Guns In Classrooms: South Dakota Governor Signs Law Allowing Teachers To Arm Themselves

Teachers are now allowed to bring guns into the classroom in South Dakota.

Gov. Dennis Daugaard signed House Bill 1087 into law Friday, enabling state school boards to "supervise the arming of school employees" or hire security personnel.

As The New York Times notes, South Dakota is believed to be the first U.S. state to sign such legislation into law.

Rep. Scott Craig (R-Rapid City) and Rep. Betty Olson (R-Prairie City) drafted South Dakota's armed teachers legislation following the Dec. 14 shooting at Sandy Hook Elementary School. In December, Olson told the Black Hills Pioneer that she "believes arming school personnel could have mitigated the Newtown massacre."

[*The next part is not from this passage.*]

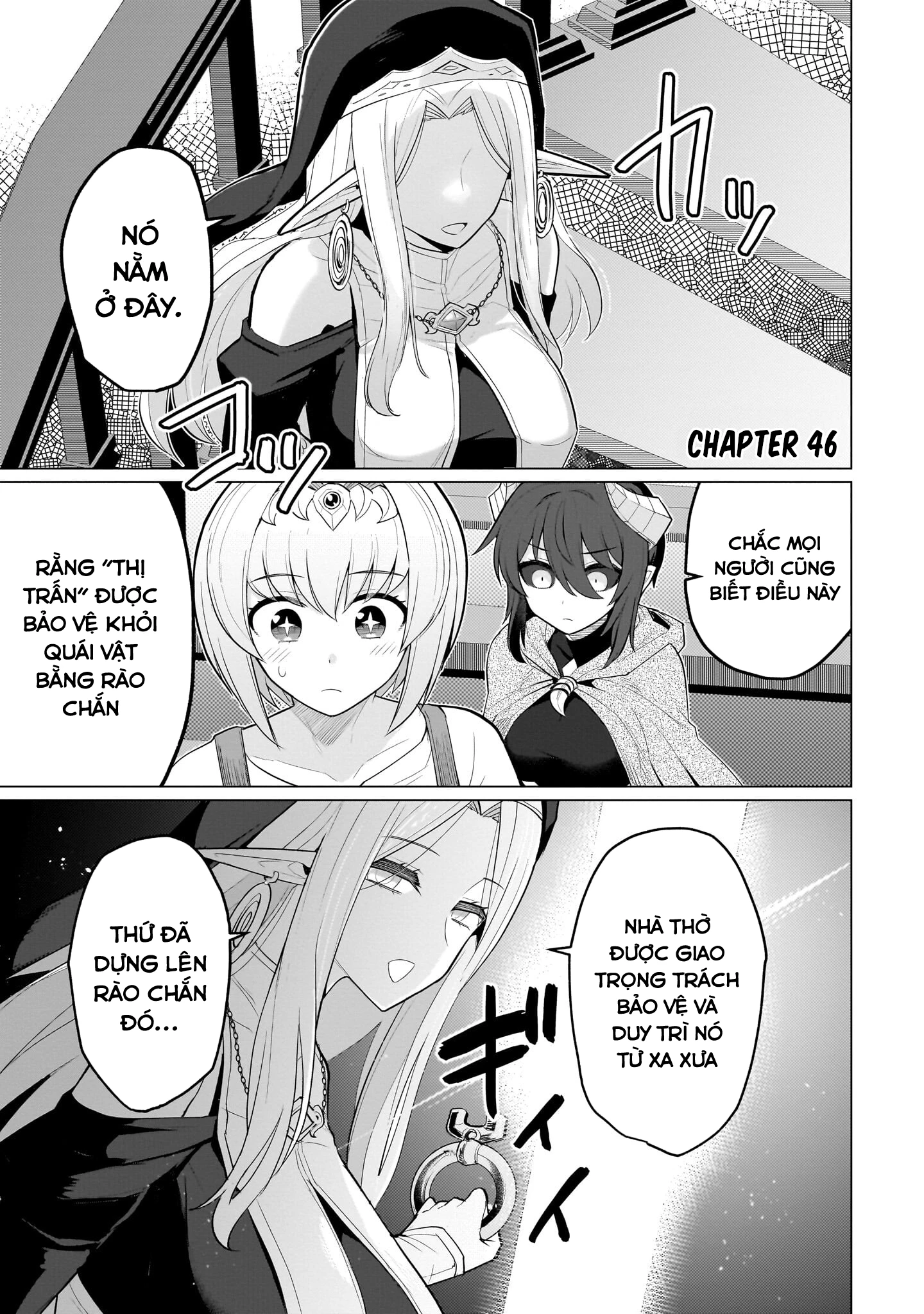 Hẹn Hò Cùng Hắc Thuật Sư Chapter 46 - 2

The legislation passed the state's House with a 42-17 vote in January and was approved by state senators, 21-14, last week.

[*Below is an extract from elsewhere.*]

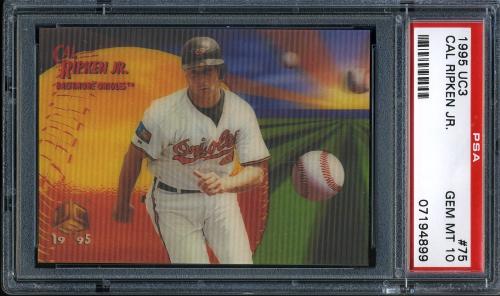 1995 UC3 #075 Cal Ripken PSA 10 #07194899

While several other states have similar guns-in-schools proposals on the docket, the drafted bills have been met by roadblocks.

U.S. Secretary of Education Arne Duncan has criticized such state proposals to arm teachers, calling them "a marketing opportunity" for business in the industry to sell more guns.

Similarly, the results of a national teacher survey suggest teachers are not too keen on arming themselves in school. According to an online poll conducted earlier this year, 72.4 percent of teachers would not likely bring a firearm to school, if allowed.

However, many state legislators are continuing to push legislation that would allow teachers to carry firearms.

In Kansas this week, lawmakers tacked on a guns-for-teachers amendment to an existing bill. Though the concealed weapons legislation, which would also allow teachers to carry guns, passed the House committee Wednesday, the bill still faces several more impediments before it could be signed into law.